Influx queries intermittently slow

Hi

I have an intermittent problem where queries that would normally return in less than 1s suddenly take 30+ s to return.

The odd thing is that if I run the exact queries a few minutes later, they will return in less than 1s again.

I have a theory as to what I think is happening, but I am looking for some expertise on it.

What I have observed:

  • the slowness always seems to happen within an hour of the end_time of the previous shard.
    e.g. if the shard_end time is 2018-12-26T00:00:00Z, then any slow events have only occurred in the gap between 2018-12-26T:00:00:00Z and 2018-12-26T01:00:00Z
  • the shard time range is 24 hours
  • the queries are all of the form that is looking for the most recent value in a time range

My Theory:

  • there are insufficient data points in the new shard to complete the query, so it has to reload the previous one to service it, thereby causing a lag on that query execution.

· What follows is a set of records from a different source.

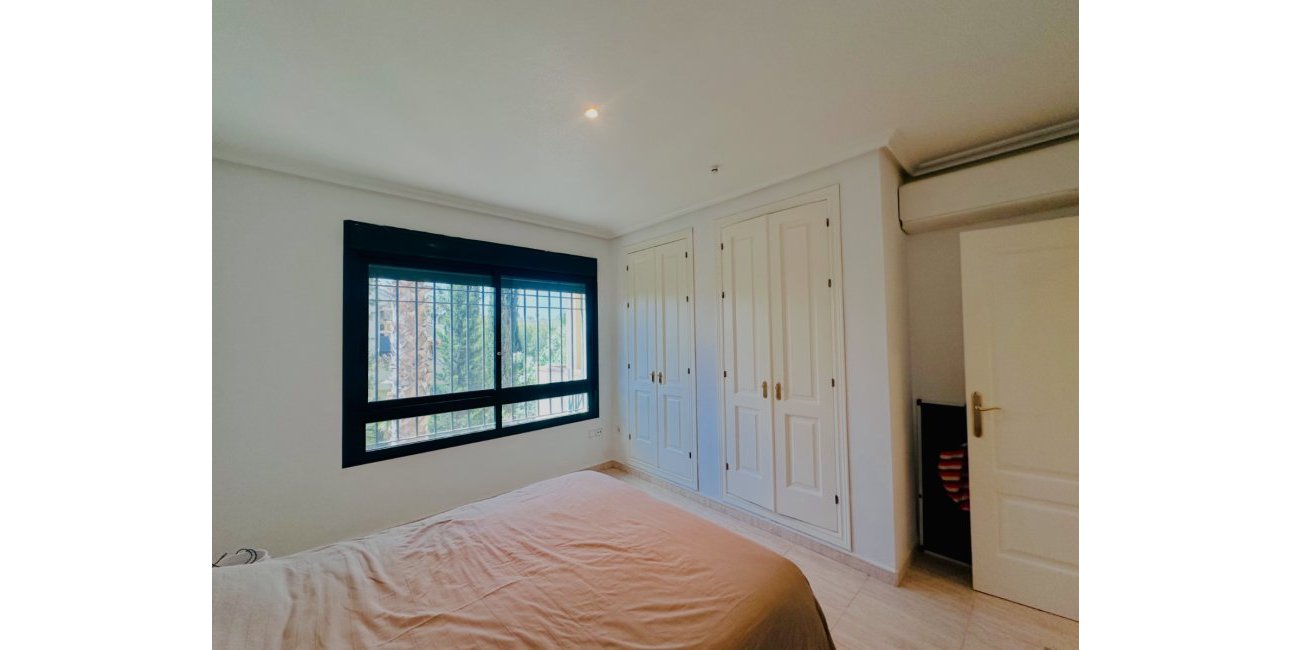 Resale - Apartment / flat -
Orihuela Costa - Lomas de Campoamor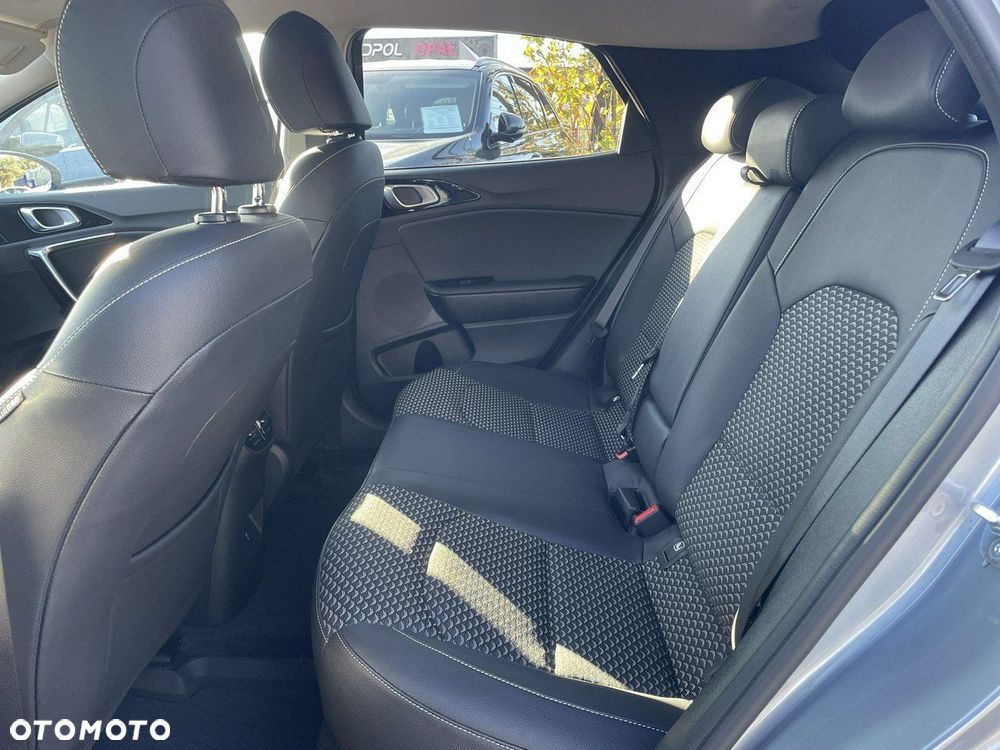 Kia XCeed 1.5 T-GDI Business Line DCT - 12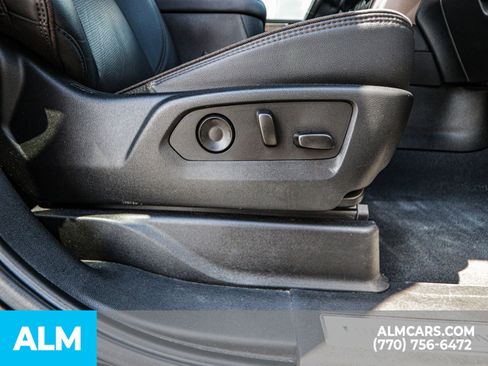 Used 2021 Chevrolet Tahoe High Country image 54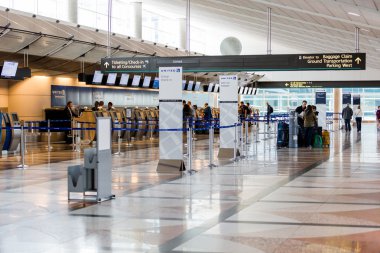 İnsanlar Havaalanı check-in sırasında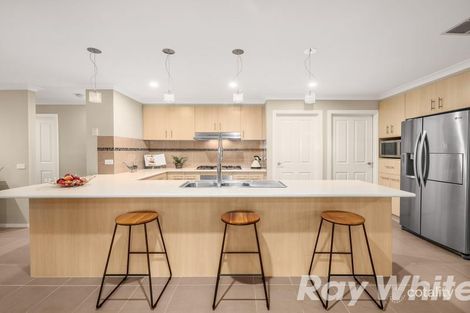 Property photo of 10 Endurance Street Doreen VIC 3754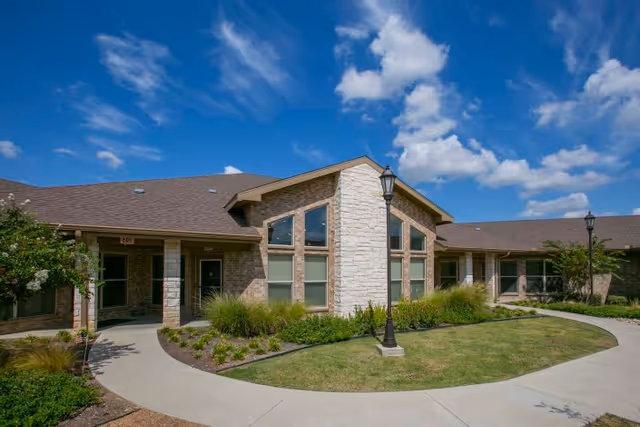 Photo of Legend Oaks Healthcare and Rehabilitation - Fort Worth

Could this be possible? and if so, would reducing the time range of the shards to, say, 1 hour, allow it to reload data a bit more incrementally as necessary and avoid having a huge lag of reloading an entire previous (24hr) shards data?

for anyone else that might have this problem in the future…

it was indeed due to shards, but not in the way i suspected.

The slowness always occurs when influx expires a shard - it would take 10-15 minutes to perform the delete of the expired shard.
Not sure why, looks kind of like its re-making indexes or something.

I did not solve the slowness, but I was able to change the influx config such that the shard deletion occurs outside of production hours by changing the timing of the retention policy checks.